:: TASK DESCRIPTION ::
In the entries below, find the line with "Black - 3 of 4" and print exactly every line from there up to and including the line with "Hot Fashion Lightning", with no other lines.

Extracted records
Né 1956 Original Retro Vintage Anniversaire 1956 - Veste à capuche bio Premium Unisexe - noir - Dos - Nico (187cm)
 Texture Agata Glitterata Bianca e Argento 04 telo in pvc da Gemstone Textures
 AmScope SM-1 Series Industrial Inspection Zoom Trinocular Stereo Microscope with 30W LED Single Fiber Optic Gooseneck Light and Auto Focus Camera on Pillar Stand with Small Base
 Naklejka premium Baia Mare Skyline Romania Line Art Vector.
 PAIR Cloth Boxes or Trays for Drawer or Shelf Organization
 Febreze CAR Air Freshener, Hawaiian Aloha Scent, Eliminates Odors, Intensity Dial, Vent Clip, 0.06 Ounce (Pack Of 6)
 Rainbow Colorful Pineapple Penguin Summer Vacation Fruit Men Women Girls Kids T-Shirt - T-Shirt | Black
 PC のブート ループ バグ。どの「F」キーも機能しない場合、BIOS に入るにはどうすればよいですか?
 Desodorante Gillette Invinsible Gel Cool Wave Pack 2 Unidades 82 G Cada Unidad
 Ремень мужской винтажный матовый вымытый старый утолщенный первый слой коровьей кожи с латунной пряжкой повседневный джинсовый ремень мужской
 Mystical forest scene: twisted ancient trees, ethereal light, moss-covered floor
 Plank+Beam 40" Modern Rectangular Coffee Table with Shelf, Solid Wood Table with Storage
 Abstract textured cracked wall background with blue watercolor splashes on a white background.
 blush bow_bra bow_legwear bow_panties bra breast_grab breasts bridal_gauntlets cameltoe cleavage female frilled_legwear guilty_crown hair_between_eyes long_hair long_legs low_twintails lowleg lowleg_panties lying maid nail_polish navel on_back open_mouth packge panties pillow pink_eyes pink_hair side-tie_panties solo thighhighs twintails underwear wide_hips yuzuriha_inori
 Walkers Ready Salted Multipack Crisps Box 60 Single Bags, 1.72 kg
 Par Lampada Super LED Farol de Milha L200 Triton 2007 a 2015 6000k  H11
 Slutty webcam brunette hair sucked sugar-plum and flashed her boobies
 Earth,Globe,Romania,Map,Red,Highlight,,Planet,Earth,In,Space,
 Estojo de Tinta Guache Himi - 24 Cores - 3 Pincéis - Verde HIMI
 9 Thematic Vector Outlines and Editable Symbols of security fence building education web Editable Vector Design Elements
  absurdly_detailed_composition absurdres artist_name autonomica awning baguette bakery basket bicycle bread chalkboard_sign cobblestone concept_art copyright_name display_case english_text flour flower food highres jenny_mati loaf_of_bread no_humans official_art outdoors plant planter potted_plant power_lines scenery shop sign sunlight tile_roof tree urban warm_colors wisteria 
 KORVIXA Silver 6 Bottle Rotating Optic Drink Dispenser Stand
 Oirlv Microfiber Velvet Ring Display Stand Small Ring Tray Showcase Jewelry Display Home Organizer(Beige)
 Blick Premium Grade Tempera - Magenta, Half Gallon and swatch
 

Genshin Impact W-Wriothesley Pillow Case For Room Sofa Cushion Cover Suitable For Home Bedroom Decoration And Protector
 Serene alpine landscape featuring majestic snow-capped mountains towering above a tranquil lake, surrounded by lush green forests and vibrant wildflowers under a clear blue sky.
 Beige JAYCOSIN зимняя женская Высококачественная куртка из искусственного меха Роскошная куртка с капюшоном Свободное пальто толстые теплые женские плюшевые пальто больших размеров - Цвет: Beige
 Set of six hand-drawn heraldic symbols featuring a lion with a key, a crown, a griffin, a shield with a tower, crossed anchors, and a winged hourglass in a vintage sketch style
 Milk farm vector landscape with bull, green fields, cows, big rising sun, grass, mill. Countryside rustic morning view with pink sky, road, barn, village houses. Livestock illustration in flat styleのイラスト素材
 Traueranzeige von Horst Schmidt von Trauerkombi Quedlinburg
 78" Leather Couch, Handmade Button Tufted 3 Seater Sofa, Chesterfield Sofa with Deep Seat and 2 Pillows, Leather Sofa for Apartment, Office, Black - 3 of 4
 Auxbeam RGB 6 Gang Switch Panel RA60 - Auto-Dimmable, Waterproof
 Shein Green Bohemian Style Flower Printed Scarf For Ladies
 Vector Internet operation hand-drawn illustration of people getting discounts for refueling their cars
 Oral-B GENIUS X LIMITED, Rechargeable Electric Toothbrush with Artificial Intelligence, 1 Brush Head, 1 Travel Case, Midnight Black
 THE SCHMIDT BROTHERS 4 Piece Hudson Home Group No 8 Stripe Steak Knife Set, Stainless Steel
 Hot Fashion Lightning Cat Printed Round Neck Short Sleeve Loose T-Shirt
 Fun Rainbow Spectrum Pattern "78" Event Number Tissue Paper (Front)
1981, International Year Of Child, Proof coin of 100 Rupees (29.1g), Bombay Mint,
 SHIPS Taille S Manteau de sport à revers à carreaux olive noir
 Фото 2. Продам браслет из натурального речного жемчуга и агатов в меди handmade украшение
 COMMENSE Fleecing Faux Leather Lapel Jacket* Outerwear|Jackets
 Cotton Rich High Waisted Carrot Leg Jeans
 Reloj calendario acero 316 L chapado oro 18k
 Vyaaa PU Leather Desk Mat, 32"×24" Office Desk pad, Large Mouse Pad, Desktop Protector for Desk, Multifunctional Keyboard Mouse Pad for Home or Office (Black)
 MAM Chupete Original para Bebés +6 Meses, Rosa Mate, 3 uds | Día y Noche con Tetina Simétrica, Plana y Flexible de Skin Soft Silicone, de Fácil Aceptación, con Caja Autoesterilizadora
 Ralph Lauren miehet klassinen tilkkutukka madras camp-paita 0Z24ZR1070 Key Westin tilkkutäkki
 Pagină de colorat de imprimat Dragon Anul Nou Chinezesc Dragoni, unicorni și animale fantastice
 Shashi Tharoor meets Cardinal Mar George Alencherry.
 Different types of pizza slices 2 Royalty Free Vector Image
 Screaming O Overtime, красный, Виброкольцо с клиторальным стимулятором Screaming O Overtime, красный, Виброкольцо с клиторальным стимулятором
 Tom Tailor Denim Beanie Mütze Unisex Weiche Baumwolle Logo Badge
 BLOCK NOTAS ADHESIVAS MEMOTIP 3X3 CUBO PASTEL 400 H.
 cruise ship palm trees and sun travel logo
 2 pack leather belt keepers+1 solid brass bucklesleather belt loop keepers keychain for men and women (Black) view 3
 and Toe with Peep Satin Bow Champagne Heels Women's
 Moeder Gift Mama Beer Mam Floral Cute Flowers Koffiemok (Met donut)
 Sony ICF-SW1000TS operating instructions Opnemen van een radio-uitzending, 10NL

:: YOUR SOLUTION ::
 78" Leather Couch, Handmade Button Tufted 3 Seater Sofa, Chesterfield Sofa with Deep Seat and 2 Pillows, Leather Sofa for Apartment, Office, Black - 3 of 4
 Auxbeam RGB 6 Gang Switch Panel RA60 - Auto-Dimmable, Waterproof
 Shein Green Bohemian Style Flower Printed Scarf For Ladies
 Vector Internet operation hand-drawn illustration of people getting discounts for refueling their cars
 Oral-B GENIUS X LIMITED, Rechargeable Electric Toothbrush with Artificial Intelligence, 1 Brush Head, 1 Travel Case, Midnight Black
 THE SCHMIDT BROTHERS 4 Piece Hudson Home Group No 8 Stripe Steak Knife Set, Stainless Steel
 Hot Fashion Lightning Cat Printed Round Neck Short Sleeve Loose T-Shirt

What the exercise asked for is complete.